> _Task to complete_
Taking the line with "On my screen" as the first and the line with "Hey everybody. I" as the last, set down the lines below exactly, pictures excluded.

> _Given records_
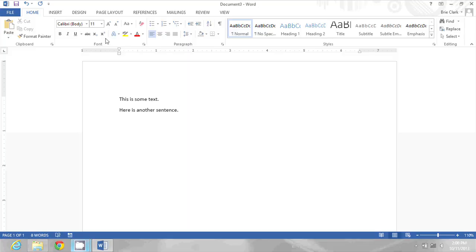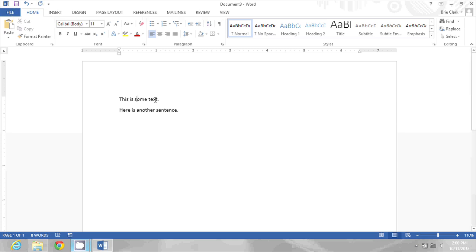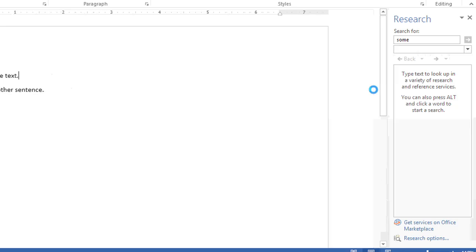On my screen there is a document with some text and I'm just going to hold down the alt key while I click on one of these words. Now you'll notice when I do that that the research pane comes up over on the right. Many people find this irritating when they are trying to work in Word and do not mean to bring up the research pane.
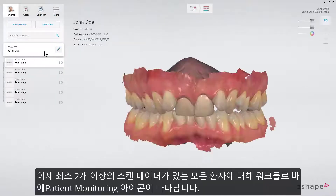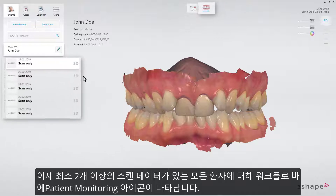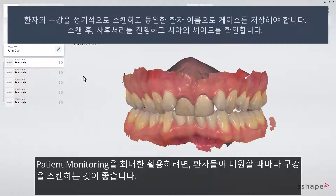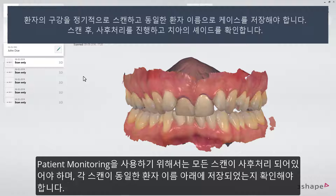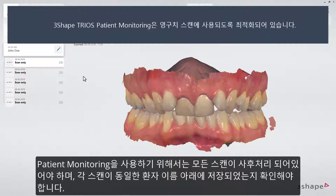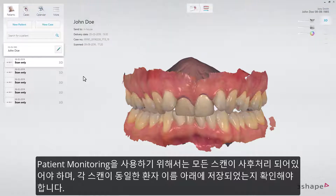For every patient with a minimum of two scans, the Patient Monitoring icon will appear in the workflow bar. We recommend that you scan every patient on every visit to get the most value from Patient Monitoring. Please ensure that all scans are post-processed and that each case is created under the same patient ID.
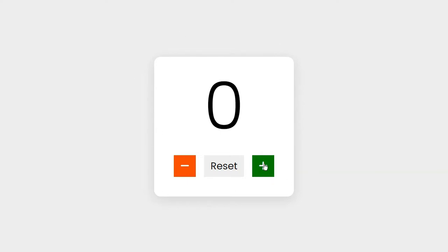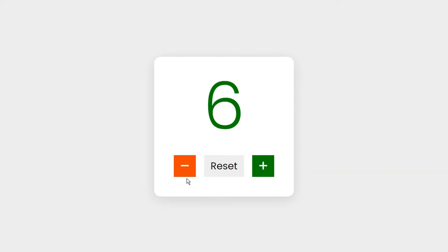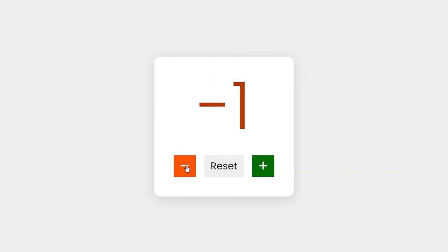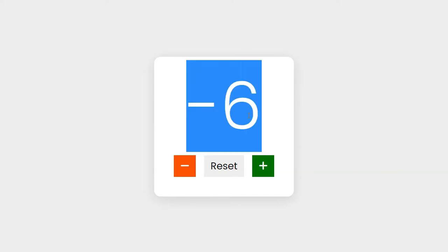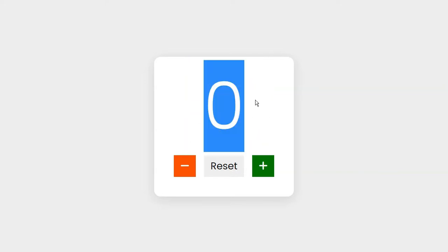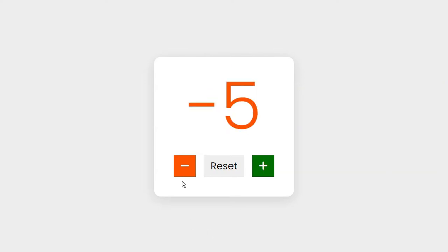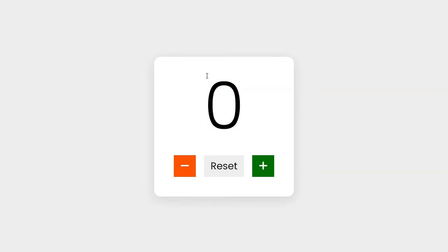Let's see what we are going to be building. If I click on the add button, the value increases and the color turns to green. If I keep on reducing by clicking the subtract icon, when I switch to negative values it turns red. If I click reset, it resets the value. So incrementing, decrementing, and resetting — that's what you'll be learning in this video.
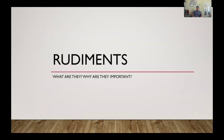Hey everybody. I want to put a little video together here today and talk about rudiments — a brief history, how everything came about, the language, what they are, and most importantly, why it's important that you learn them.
---
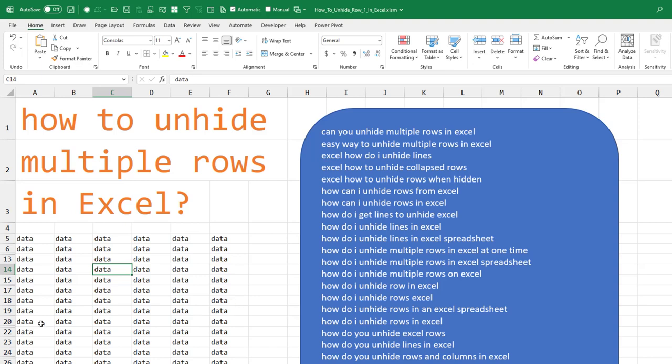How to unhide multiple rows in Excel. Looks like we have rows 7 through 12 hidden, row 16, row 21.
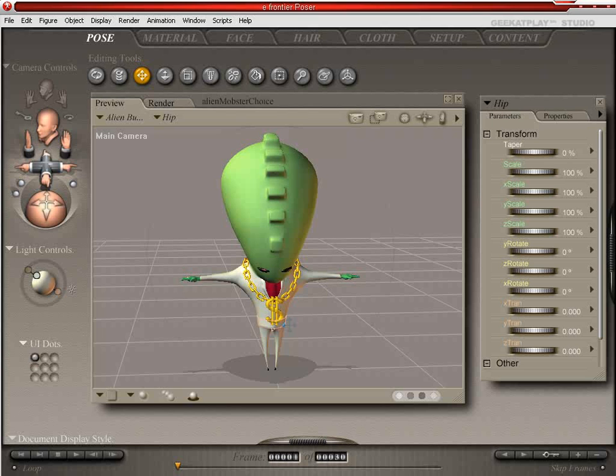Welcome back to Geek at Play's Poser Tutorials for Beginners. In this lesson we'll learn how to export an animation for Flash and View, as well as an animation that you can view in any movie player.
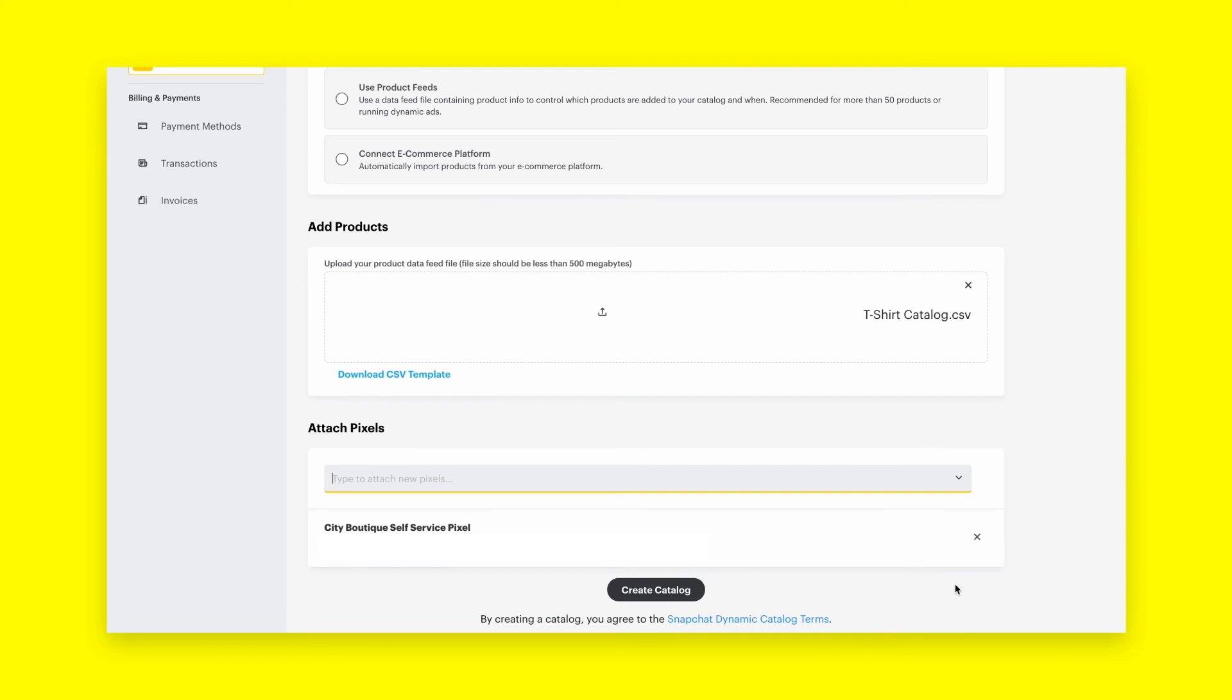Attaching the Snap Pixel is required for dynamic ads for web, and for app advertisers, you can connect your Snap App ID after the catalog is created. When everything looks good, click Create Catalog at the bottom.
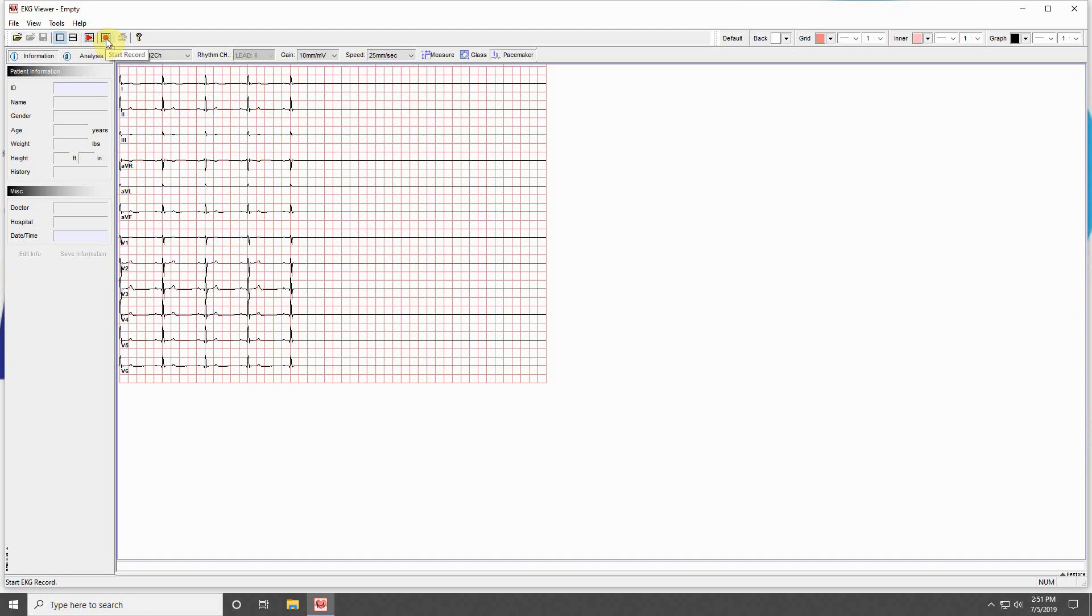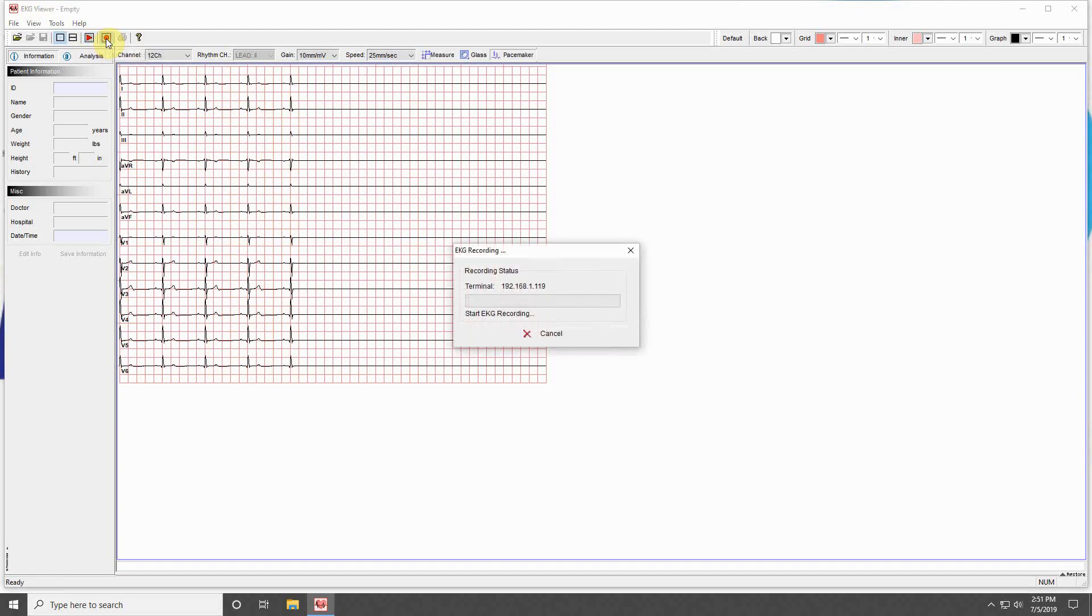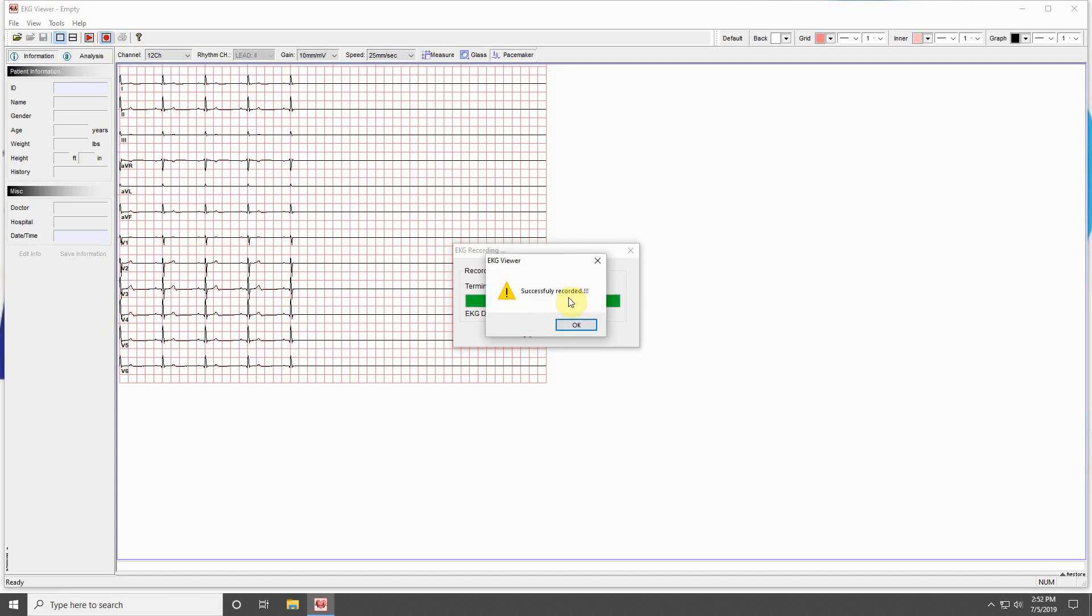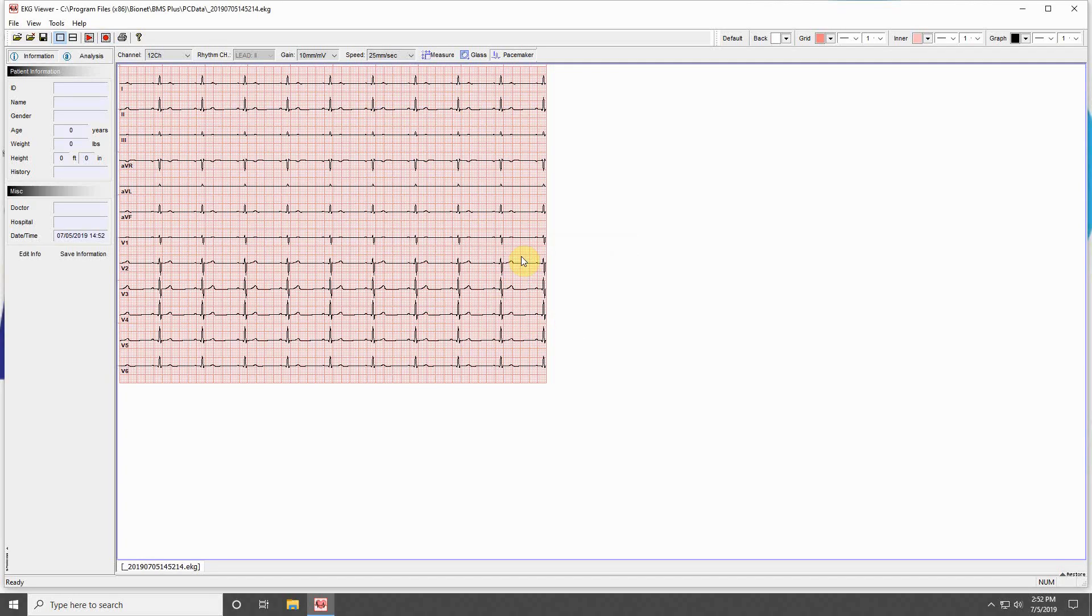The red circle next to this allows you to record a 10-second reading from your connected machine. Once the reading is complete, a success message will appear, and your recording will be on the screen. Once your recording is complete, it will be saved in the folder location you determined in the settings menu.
--
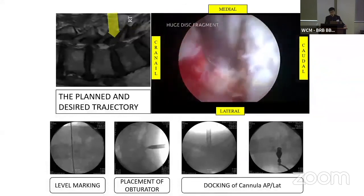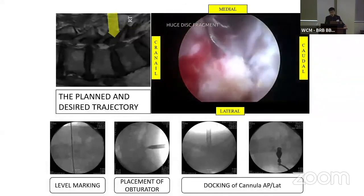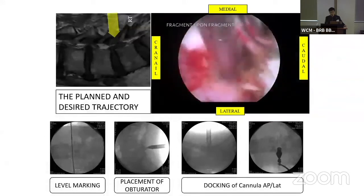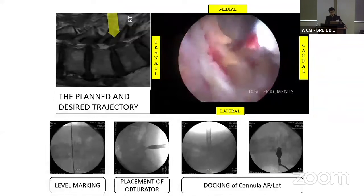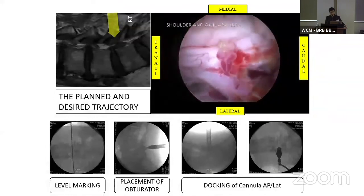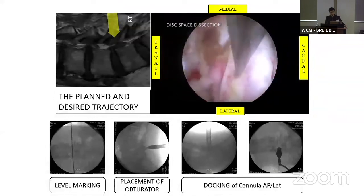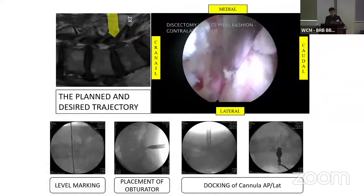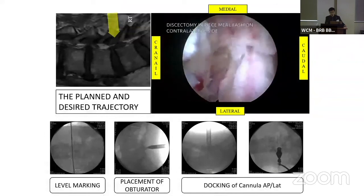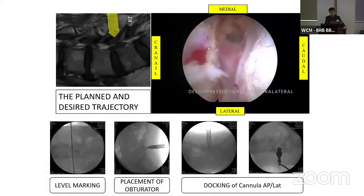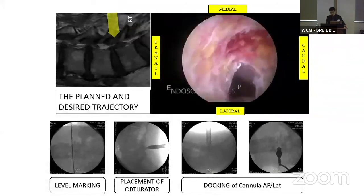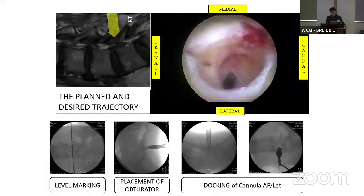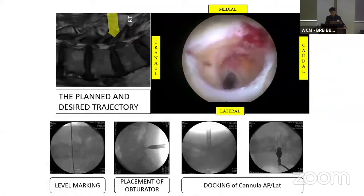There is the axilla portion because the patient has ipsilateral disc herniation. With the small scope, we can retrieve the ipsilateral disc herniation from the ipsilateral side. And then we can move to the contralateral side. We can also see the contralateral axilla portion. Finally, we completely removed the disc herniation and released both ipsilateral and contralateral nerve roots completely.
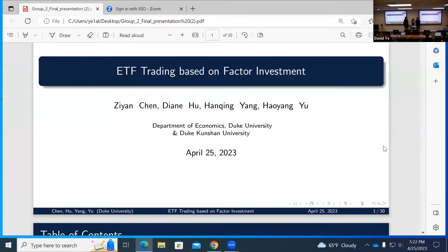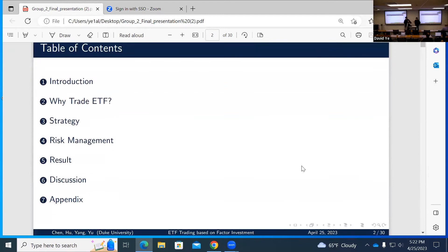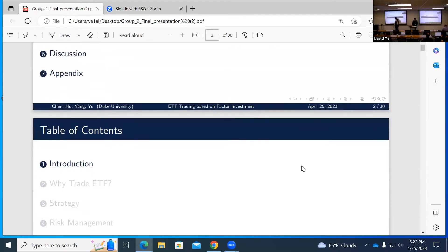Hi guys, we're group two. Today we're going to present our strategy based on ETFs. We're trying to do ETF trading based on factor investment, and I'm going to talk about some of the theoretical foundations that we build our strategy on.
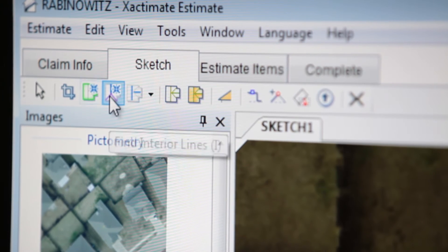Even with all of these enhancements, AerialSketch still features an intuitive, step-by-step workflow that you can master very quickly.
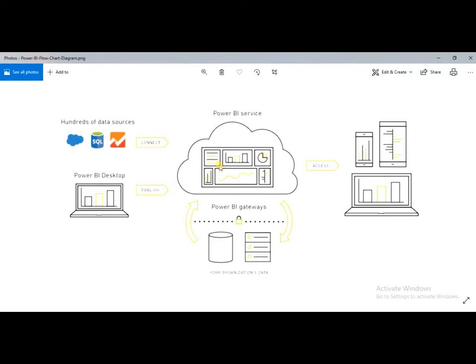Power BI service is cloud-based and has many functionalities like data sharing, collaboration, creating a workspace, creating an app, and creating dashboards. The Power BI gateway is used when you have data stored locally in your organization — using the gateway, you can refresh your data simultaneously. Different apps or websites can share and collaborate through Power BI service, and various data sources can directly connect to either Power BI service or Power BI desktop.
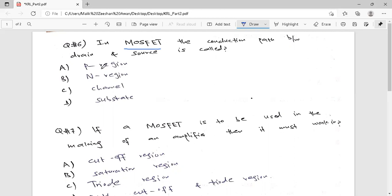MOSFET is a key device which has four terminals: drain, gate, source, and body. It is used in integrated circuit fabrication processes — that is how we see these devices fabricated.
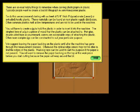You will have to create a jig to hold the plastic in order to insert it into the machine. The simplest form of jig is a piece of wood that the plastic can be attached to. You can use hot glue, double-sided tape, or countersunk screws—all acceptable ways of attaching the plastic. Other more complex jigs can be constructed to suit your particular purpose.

> _Solution to this task_
On my screen there is a document with some text and I'm just going to hold down the alt key while I click on one of these words. Now you'll notice when I do that that the research pane comes up over on the right. Many people find this irritating when they are trying to work in Word and do not mean to bring up the research pane.
For every patient with a minimum of two scans, the Patient Monitoring icon will appear in the workflow bar. We recommend that you scan every patient on every visit to get the most value from Patient Monitoring. Please ensure that all scans are post-processed and that each case is created under the same patient ID.
Let's see what we are going to be building. If I click on the add button, the value increases and the color turns to green. If I keep on reducing by clicking the subtract icon, when I switch to negative values it turns red. If I click reset, it resets the value. So incrementing, decrementing, and resetting — that's what you'll be learning in this video.
Hey everybody. I want to put a little video together here today and talk about rudiments — a brief history, how everything came about, the language, what they are, and most importantly, why it's important that you learn them.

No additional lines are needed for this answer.